Pederneiras, o coreógrafo, diz ter seguido o caminho de “Gira”, quando pesquisou, pela primeira vez, o universo da umbanda. Na criação atual, ele chegou ao candomblé. “O Gil tem uma posição muito alta na hierarquia do candomblé”, diz o coreógrafo. Uma das 12 cadeiras do ministério de Xangô no terreiro Ilê Axé Opó Afonjá foi destinada ao músico.

O espetáculo navega por muitas outras culturas e influências, mas é o santo guerreiro Xangô que faz a amarração dos quatro segmentos da obra de 40 minutos.

Pederneiras trouxe do candomblé o movimento usado como ponto de partida para a coreografia. Com os punhos cerrados, os bailarinos batem uma das mãos no peito e a outra nas costas, enquanto ondulam o tronco. O gesto, associado à presença do santo, é repetido de forma marcante ao longo do espetáculo.

O coreógrafo pensou em começar os movimentos da obra com um duo masculino fazendo esses passos. Mudou de ideia, mas acabou aproveitando o trecho em outra parte da apresentação.

É o único duo em “Gil”, uma novidade no estilo do coreógrafo. Seus “pas-de-deux” são famosos e costumam aparecer diversas vezes em seus trabalhos.

Sambar também é algo novo em sua dança. “Pela primeira vez, usei samba de forma explícita e adorei. Mas é levinho, sutil. Não dá para brincar com o samba impunemente, tem que saber usar”, diz Pederneiras, durante um ensaio do grupo, em Belo Horizonte.

Gil viu uma parte da coreografia pronta. “Em alguns momentos, remete ao meu modo espontâneo de dançar, que tem a ver com a expressividade dos corpos afro-brasileiros, mas acho que isso já estava presente em outras obras do Corpo, assim como de vários outros grupos da dança atual”, diz o músico.

Outras influências da obra de Gil também estão na trilha, uma mistura de samba, jazz, bossa nova, modinhas, choro, música eletrônica, afro e até erudita. Um dos trechos é inspirado nos compositores Erik Satie e Johannes Brahms.

Quando o diretor do Corpo, Paulo Pederneiras, foi conversar com Gil sobre a trilha, o músico mandou um recado para o idealizador da peça. Queria dizer que lhe daria muito trabalho. “E deu”, diz o coreógrafo, Rodrigo Pederneiras.

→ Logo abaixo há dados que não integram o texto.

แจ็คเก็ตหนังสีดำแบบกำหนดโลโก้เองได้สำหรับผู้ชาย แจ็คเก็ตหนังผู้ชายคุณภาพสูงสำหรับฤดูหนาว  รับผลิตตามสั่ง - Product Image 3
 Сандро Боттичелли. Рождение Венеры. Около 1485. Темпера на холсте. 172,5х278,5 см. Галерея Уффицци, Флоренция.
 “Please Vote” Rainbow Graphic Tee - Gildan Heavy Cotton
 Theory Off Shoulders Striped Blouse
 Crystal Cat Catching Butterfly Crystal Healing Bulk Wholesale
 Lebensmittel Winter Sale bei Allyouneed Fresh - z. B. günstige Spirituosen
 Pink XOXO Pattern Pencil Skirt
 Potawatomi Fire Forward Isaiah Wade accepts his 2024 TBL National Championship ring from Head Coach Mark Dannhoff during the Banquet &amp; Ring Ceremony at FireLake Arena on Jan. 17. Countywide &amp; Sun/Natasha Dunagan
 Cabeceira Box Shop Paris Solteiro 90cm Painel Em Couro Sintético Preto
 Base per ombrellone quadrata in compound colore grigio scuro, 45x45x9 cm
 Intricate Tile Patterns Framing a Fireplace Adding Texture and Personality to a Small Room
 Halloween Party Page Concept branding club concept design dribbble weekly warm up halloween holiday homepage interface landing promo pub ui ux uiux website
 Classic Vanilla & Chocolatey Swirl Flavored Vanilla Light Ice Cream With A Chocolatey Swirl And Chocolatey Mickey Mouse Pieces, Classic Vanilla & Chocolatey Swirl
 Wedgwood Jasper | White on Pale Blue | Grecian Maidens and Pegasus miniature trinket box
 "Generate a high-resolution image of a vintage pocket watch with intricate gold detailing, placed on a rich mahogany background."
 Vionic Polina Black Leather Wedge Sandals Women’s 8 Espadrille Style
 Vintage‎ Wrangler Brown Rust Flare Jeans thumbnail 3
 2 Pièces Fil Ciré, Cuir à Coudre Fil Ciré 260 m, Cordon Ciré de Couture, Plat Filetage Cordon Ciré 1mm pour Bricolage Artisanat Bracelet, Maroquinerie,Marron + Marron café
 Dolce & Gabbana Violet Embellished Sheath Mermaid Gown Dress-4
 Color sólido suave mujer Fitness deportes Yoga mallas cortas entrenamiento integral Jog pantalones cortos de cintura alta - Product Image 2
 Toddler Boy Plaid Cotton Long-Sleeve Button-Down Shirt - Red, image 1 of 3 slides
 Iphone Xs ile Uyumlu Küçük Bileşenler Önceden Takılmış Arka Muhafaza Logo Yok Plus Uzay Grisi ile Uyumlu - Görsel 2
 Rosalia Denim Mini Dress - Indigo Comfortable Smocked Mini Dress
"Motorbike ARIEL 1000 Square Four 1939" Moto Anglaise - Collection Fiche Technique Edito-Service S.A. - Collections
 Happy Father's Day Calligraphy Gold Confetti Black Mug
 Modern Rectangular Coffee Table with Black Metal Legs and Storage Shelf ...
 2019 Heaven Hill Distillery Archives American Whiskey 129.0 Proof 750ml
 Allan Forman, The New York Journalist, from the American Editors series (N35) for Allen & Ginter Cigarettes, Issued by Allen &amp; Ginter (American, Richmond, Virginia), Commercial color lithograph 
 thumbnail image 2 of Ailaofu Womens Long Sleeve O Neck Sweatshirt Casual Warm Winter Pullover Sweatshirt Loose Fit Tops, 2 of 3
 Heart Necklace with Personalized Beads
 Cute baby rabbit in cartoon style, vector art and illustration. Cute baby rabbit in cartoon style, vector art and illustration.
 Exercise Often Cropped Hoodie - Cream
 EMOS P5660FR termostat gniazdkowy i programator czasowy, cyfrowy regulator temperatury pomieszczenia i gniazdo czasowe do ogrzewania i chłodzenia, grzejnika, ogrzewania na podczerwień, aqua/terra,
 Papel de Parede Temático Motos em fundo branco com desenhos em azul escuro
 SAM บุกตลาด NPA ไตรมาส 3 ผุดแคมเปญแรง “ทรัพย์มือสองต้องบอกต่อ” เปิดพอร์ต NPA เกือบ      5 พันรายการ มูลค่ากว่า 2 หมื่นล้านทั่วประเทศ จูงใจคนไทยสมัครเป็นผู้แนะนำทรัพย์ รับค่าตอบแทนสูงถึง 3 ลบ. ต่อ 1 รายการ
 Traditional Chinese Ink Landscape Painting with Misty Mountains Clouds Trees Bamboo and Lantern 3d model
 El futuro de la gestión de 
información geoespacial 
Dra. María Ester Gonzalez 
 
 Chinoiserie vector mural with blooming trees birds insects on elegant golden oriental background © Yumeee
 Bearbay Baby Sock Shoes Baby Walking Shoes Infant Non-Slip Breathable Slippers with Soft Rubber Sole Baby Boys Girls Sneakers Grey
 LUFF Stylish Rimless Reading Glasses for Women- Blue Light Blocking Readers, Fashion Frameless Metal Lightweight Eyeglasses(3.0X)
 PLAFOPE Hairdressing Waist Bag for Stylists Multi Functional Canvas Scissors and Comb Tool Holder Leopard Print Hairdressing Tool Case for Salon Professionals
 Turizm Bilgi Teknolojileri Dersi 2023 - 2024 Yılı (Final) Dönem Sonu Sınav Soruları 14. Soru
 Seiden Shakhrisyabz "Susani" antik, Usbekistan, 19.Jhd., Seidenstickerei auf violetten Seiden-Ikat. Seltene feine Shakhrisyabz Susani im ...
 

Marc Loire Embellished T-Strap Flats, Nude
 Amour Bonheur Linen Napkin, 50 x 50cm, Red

“Ele fez uma trilha muito diferente de todas as feitas para o Corpo. Nada é previsível. Tem percussões malucas, balafon, momentos meio orientais, um choro que entra de repente. É o Gil conhecido, mas também o que causa estranhamento, e eu tive que trabalhar com essas diferenças sonoras muito acentuadas”, conta o coreógrafo.

Toda estas diferenças são também uma resposta musical à diversidade de movimentos da companhia de dança. No diálogo entre uma linguagem e outra, o coreógrafo foi em busca dos ritmos menos óbvios, das batidas por trás das frases principais.

Para acompanhar as ondas sonoras e os troncos ondulantes dos bailarinos, o diretor pensou numa iluminação diferente, a partir da “moving light” usada em shows, com algo a mais –a luz ali cria uma coreografia, própria seguindo cada passo dos bailarinos.

Está dando um trabalhão. “São 22 aparelhos, uma programação muito complicada. É algo que a gente nunca fez nem viu ninguém fazer”, diz Gabriel Pederneiras, que assina a luz junto com o diretor.

A uma semana da estreia em São Paulo, no programa que inclui a obra “Sete ou Oito Peças para um Balé”, de 1994,  Paulo e Gabriel Pederneiras só tinham conseguido desenhar os primeiros oito minutos de luz de “Gil”. Levaram quase oito horas para isso.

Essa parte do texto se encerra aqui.